Era Píramo el joven más apuesto y Tisbe la más bella de las
chicas de Oriente. Vivían en casas contiguas, allí donde se dice que Semíramis
ciñó de muros de tierra cocida su elevada ciudad. Su proximidad les hizo
conocerse y empezar a quererse. Con el tiempo creció el amor. Hubieran acabado
casándose, pero se opusieron los padres. Aunque no les dejaban verse, lograban comunicarse
por señas y por gestos; no pudieron los padres impedir que cada vez estuvieran
más enamorados: y cuanto más ocultan el fuego, más se enardece el fuego oculto.

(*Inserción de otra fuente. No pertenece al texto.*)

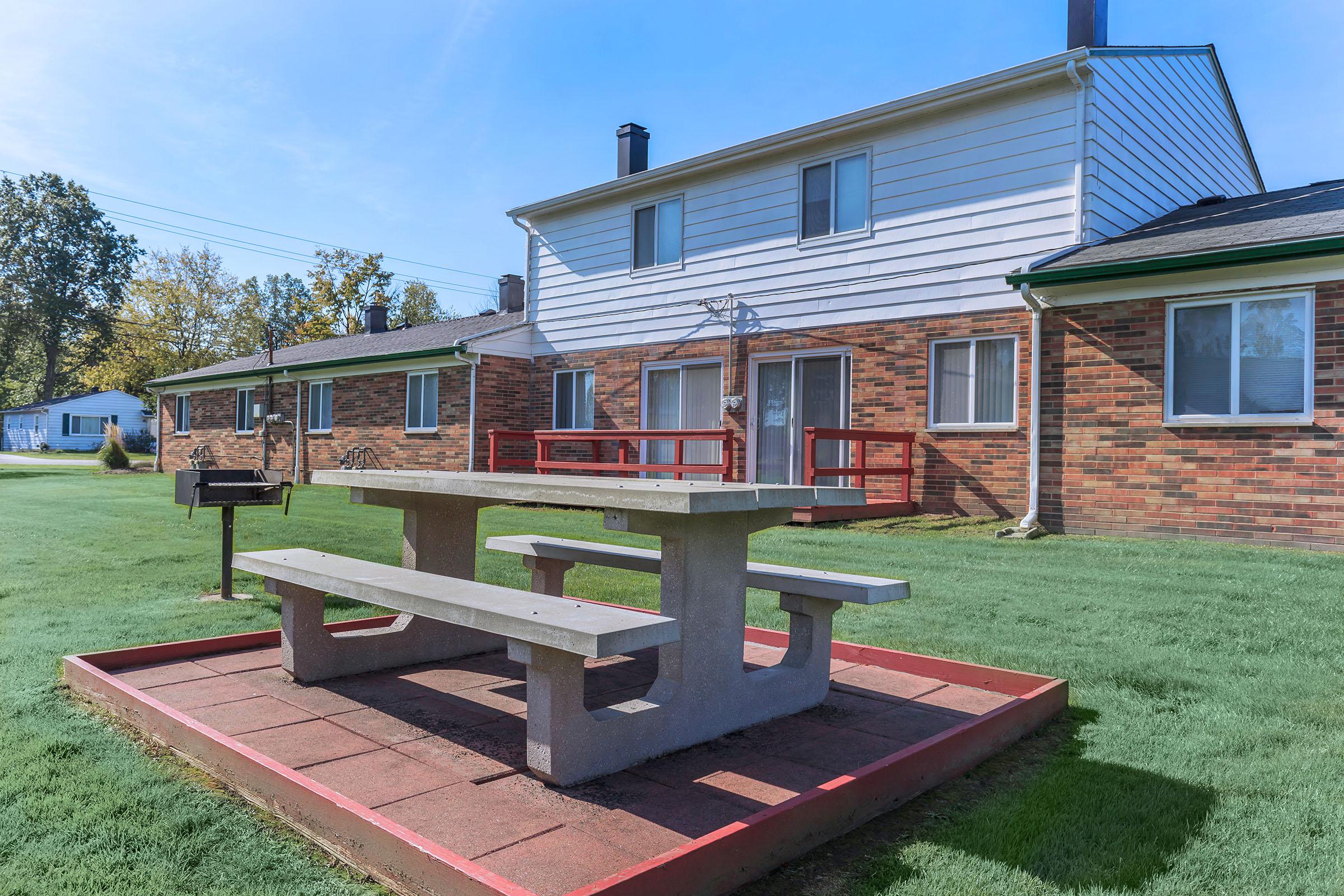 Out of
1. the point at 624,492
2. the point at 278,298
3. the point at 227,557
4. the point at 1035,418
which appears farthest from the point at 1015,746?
the point at 278,298

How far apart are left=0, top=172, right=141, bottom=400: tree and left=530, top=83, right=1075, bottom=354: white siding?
5873cm

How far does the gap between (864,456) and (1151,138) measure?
5994 millimetres

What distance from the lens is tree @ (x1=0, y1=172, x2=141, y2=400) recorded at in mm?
58812

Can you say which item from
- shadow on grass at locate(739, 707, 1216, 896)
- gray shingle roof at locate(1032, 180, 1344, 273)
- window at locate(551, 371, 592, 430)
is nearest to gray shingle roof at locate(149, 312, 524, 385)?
window at locate(551, 371, 592, 430)

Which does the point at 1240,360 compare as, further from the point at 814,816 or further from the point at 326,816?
the point at 326,816

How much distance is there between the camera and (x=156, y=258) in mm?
49344

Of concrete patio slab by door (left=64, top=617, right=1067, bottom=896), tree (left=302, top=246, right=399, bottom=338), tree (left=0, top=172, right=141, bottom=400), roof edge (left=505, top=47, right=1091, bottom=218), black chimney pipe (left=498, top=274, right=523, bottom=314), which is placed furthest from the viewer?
tree (left=0, top=172, right=141, bottom=400)

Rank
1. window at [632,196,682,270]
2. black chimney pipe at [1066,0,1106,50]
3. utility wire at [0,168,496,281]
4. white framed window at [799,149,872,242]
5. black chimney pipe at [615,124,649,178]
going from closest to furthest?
black chimney pipe at [1066,0,1106,50] → white framed window at [799,149,872,242] → window at [632,196,682,270] → black chimney pipe at [615,124,649,178] → utility wire at [0,168,496,281]

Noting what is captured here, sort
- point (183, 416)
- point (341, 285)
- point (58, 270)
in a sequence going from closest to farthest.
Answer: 1. point (183, 416)
2. point (341, 285)
3. point (58, 270)

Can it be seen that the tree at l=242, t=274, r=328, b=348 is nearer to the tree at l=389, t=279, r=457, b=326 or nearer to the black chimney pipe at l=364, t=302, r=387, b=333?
the tree at l=389, t=279, r=457, b=326

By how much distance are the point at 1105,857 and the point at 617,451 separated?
12728mm

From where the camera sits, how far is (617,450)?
49.3 feet

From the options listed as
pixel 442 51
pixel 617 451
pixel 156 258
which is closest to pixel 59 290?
pixel 156 258

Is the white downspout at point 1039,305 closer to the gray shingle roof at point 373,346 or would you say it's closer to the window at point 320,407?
the gray shingle roof at point 373,346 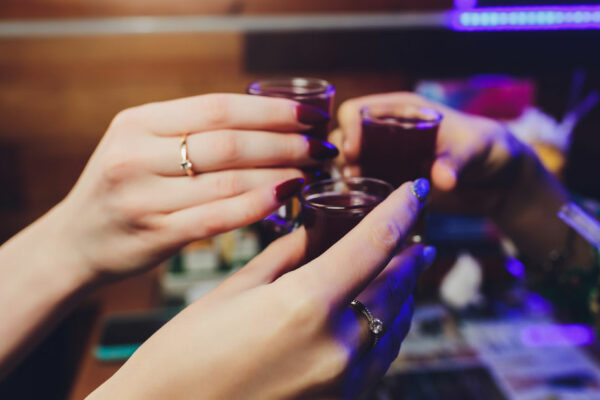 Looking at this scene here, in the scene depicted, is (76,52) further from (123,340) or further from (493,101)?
(493,101)

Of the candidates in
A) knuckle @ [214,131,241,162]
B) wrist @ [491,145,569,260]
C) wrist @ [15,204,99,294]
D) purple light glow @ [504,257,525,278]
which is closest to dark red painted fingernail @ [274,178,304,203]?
knuckle @ [214,131,241,162]

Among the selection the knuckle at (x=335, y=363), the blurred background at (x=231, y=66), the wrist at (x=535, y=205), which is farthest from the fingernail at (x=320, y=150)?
the blurred background at (x=231, y=66)

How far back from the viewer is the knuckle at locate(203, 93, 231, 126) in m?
0.95

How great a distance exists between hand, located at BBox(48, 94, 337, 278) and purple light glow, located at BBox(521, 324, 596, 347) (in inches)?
53.5

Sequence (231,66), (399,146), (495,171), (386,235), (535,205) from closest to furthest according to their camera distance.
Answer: (386,235)
(399,146)
(495,171)
(535,205)
(231,66)

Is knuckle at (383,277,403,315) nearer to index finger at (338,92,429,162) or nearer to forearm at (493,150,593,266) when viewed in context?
index finger at (338,92,429,162)

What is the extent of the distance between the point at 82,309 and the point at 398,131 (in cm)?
206

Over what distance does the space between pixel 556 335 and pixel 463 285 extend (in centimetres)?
40

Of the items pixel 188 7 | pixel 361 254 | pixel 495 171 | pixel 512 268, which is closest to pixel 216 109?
pixel 361 254

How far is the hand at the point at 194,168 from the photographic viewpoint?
3.11 feet

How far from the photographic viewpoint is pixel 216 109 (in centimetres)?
95

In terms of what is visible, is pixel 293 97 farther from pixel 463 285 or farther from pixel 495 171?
pixel 463 285

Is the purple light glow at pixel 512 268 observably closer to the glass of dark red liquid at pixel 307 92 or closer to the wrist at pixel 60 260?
the glass of dark red liquid at pixel 307 92

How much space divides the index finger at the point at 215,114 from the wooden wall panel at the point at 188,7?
1.45 m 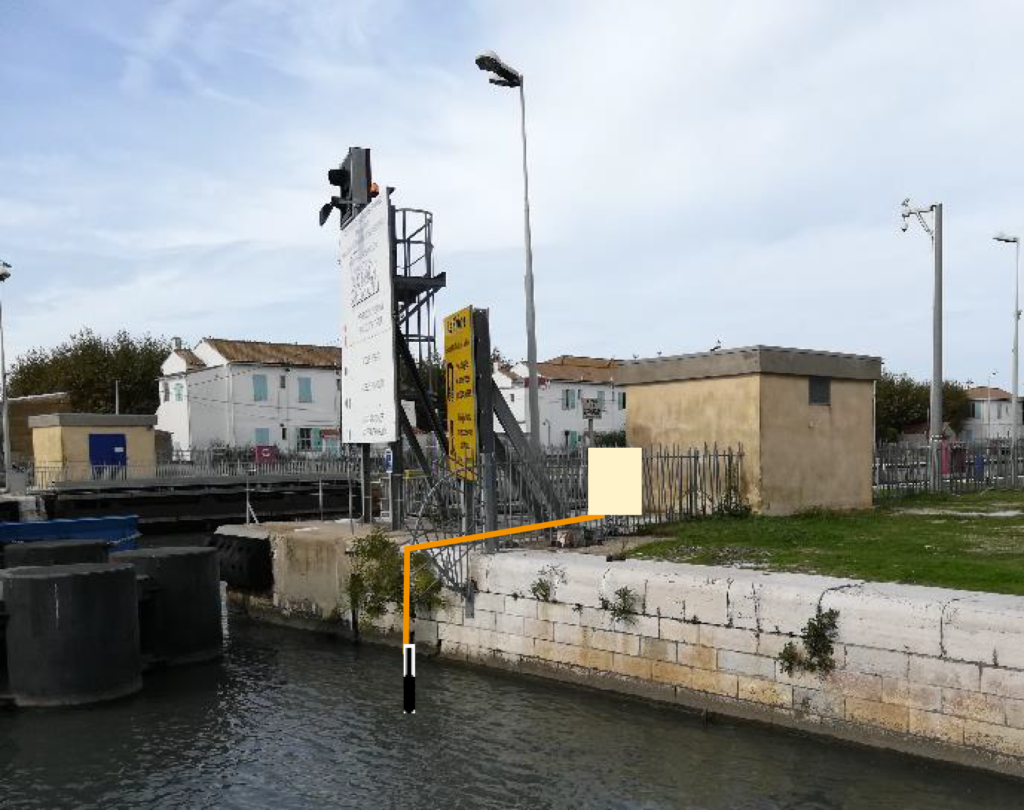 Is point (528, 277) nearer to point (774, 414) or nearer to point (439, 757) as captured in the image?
point (774, 414)

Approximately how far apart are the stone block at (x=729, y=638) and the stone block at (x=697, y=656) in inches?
3.3

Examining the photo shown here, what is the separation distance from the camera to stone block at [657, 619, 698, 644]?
10.1 meters

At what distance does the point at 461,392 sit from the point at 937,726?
7.84 metres

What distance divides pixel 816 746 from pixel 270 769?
5.23m

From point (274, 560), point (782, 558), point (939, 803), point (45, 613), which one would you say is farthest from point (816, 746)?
point (274, 560)

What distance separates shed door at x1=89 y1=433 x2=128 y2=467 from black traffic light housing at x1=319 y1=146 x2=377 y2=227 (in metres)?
20.9

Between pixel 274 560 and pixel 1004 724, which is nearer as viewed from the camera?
pixel 1004 724

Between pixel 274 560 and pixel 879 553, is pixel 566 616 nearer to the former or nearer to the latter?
pixel 879 553

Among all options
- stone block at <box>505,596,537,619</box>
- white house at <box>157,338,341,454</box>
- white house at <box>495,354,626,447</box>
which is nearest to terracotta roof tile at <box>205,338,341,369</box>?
white house at <box>157,338,341,454</box>

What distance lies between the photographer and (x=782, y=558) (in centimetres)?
1152

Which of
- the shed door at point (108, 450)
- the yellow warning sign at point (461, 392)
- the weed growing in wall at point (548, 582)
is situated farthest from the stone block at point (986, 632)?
the shed door at point (108, 450)

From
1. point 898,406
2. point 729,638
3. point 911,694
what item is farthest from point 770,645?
point 898,406

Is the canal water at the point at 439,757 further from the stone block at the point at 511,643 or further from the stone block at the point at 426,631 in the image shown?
the stone block at the point at 426,631

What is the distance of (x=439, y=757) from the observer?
9.41m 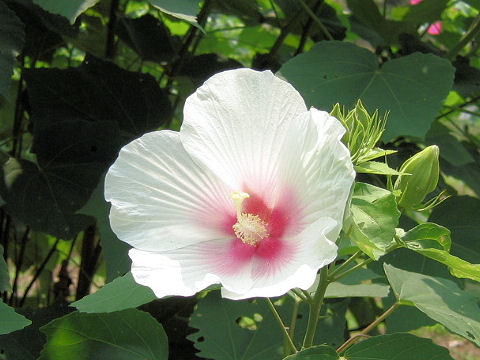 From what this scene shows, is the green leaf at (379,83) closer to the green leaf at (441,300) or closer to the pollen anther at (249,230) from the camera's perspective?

La pared medianera de las dos casas tenía una pequeña grieta
casi imperceptible que se había producido antaño, durante su construcción, pero
ellos la descubrieron y la hicieron conducto de su voz. A través de ella
pasaban sus palabras de ternura, a veces también su desesperación. Muchas
veces, cuando de una parte estaba Tisbe y de la otra Píramo, y habían ellos
percibido mutuamente la respiración de sus bocas, decían: ”Pared envidiosa, ¿por
qué te alzas como obstáculo entre dos amantes?. ¿Qué te costaba permitirnos
unir por entero nuestros cuerpos, o, si eso es demasiado, ofrecer al menos una
abertura para nuestros besos? Pero no somos ingratos; confesamos que te
debemos el que se haya dado a nuestras palabras paso hasta los oídos amigos”.
Después de hablar así en vano y separados como estaban, al
llegar la noche se dijeron adiós, y dio cada uno a su parte besos que no
llegaron al otro lado.
Pero al día siguiente se reunieron en el lugar de costumbre,
y después de muchos lamentos murmurados en voz baja, toman una decisión. Acuerdan escaparse por la
noche, burlando la vigilancia, y reunirse fuera de la ciudad. Se encontrarían
junto al sepulcro de Nino, al amparo de un moral (árbol) que allí había. Un
árbol había allí cuajado de brutos blancos como la nieve, un erguido moral,
situado en las proximidades de un frío manantial.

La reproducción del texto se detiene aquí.